MANILA, Philippines - A Palace official yesterday hailed the decision of the Paris-based Organization for Economic Cooperation and Development (OECD) to remove the Philippines from its list of countries worldwide that flunked international tax standards.

“We’re very happy with that latest development. It’s a significant step in the right direction in our fight against money laundering,” deputy presidential spokesperson Abigail Valte told Palace reporters in a briefing.

When asked whether credit should also be given to the administration of former president and now Pampanga Rep. Gloria Macapagal-Arroyo, she clarified that lawmaker-proponents who worked hard last February should also be lauded.

“Legislators should also be given credit for that. Legislation was done last February while results came out this month,” Valte explained. But appointees of President Aquino “really pushed for it when the administration took over.”

In a statement Tuesday, OECD took the Philippines off its list of tax havens, and left behind 11 “grey list” jurisdictions that have not implemented internationally accepted tax standards.

“The Philippines moved up to the list of jurisdictions that have substantially implemented the internationally agreed tax standard,” it declared.

According to OECD, the exclusion came out after the government “overturned domestic legal restrictions that prevented its tax authorities from obtaining and exchanging certain types of information, such as bank information.”

The country had been in the “grey list” of territories around the world that had committed to internationally accepted tax standards but had not yet fully implemented them.

Among the 11 countries that remained on the list were Uruguay, Panama, Liberia and a handful of island states in the Pacific. There are no jurisdictions left on the OECD’s list of places that have not committed to internationally agreed tax standards.

A forum set up to fight tax fraud and bank secrecy met in Singapore this week to assess progress ahead of the Group of 20 (G20) summit.

More than 200 delegates to the Global Forum on Transparency and Exchange of Information for Tax Purposes will take part in two days of talks in Singapore, an Asian banking center that has vowed to tackle cross-border tax cheats.

The OECD announcement came after Finance Secretary Cesar Purisima signed Revenue Regulation (RR) 10-2010 that will be used to implement Republic Act 10021, or The Exchange of Information on Tax Matters Act.
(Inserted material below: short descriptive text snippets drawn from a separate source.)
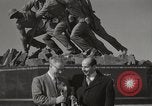 Immagine di Marine Corps War Memorial Arlington Virginia USA, 1954, secondo 45 filmato di repertorio 65675021985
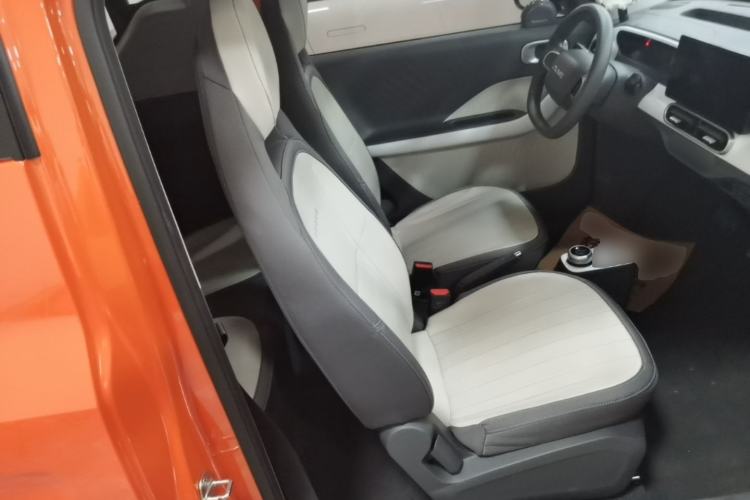 Used Geely Galaxy Panda 2025 210km Panda Rider Right Front Seat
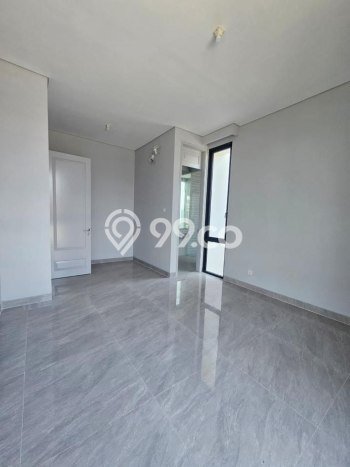 Rumah Area Strategis di , Surabaya, LT 216m2m² LB 267m2m² Rumah Area Strategis di , Surabaya, LT 216m2m² LB 267m2m²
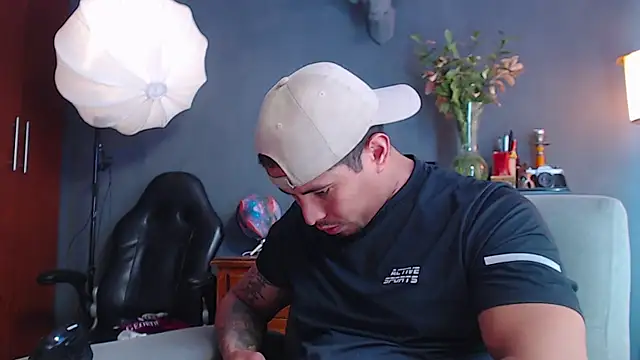 geirge teacherxx online show from 11-24-25, 06:41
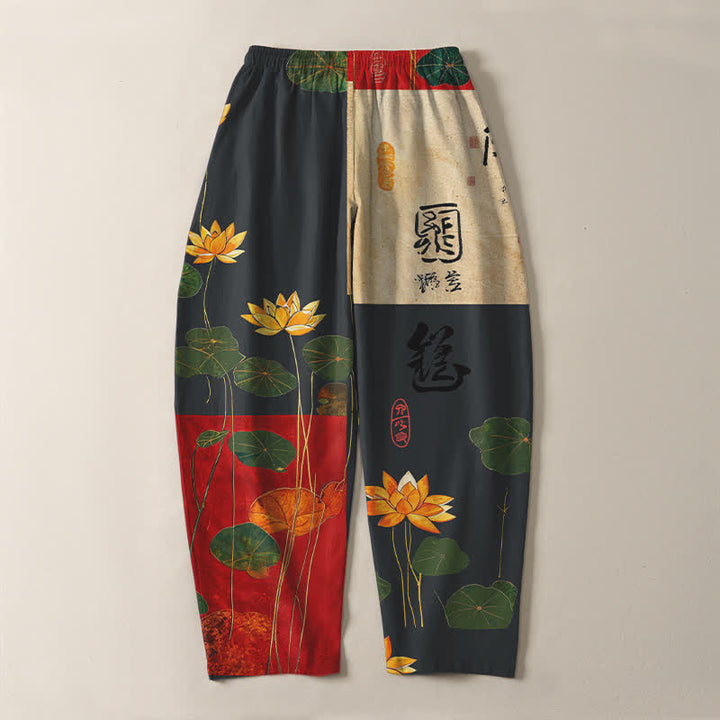 Buddha Stones Pantaloni da uomo affusolati con coulisse e tasche, in puro cotone, con motivo patchwork a calligrafia di loto. - image 3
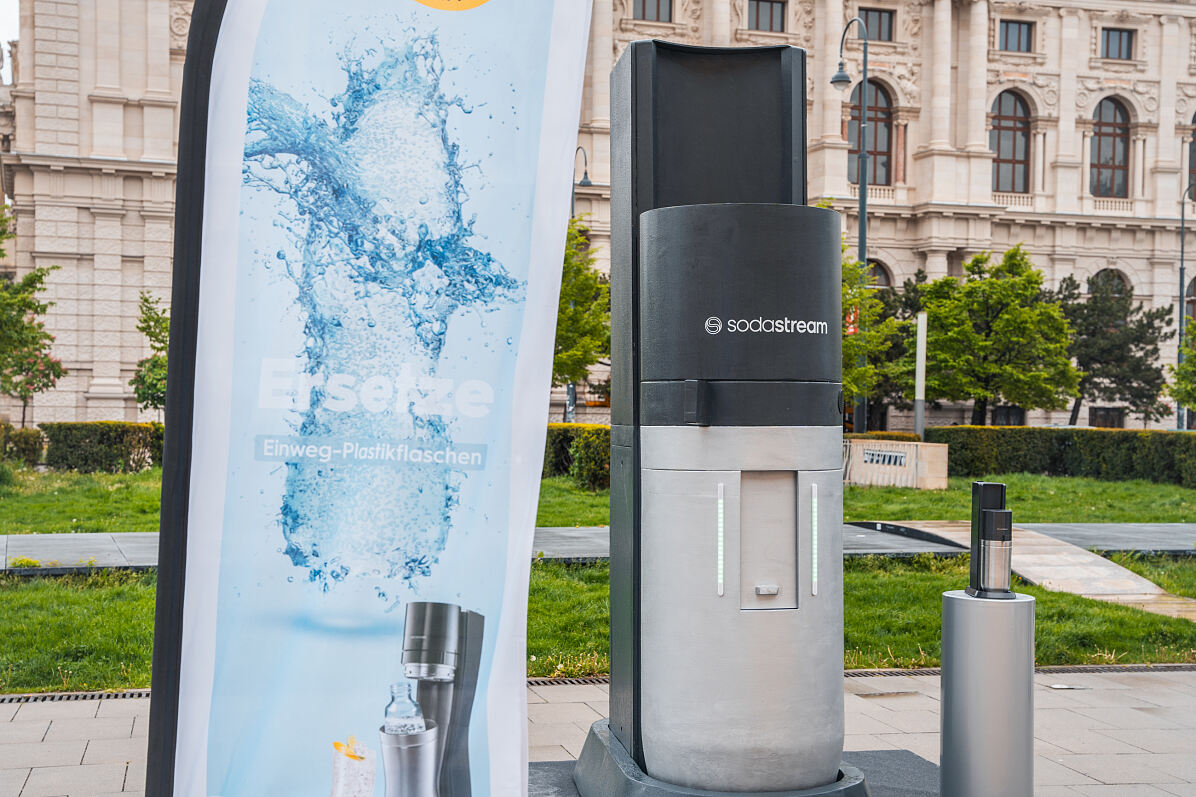 SodaStream Ersetze Einweg-Plastikflaschen-Aktivierung (c) Paul Breuss  Brimed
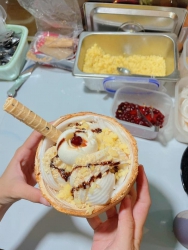 Ngày Quốc Tế Thiếu Nhi, nhưng dẫn trẻ đi ăn kem cũng mất 10 đồng, nhưng không phải kem nào cũng ngon tại Quảng Nam
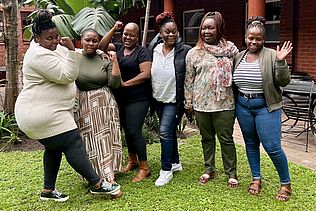 Aktivistinnen der medico-Partnerorganisation Phephisa posieren fürs Team-Foto.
RR 10-2010, which became a law in March this year, will still have to be published in a newspaper of general circulation before taking effect 15 days later.

The OECD statement noted that the Philippines has a network of more than 30 treaties that provide for exchange of information on tax matters.

“Until now, however, domestic legal restrictions prevented its tax authorities from obtaining and exchanging certain types of information... The new law and regulations remove these restrictions, thus enabling many of the Philippines’ existing treaties to meet the international standard.”

As well as supplying information to foreign countries about bank accounts in the Philippines, the government said it can now request information on overseas accounts held by its citizens.

“Tax evaders now have nowhere to hide,” Finance Undersecretary Carlo Carag said in a statement, adding the changes would complement existing government campaigns to crack down on tax evasion and smuggling.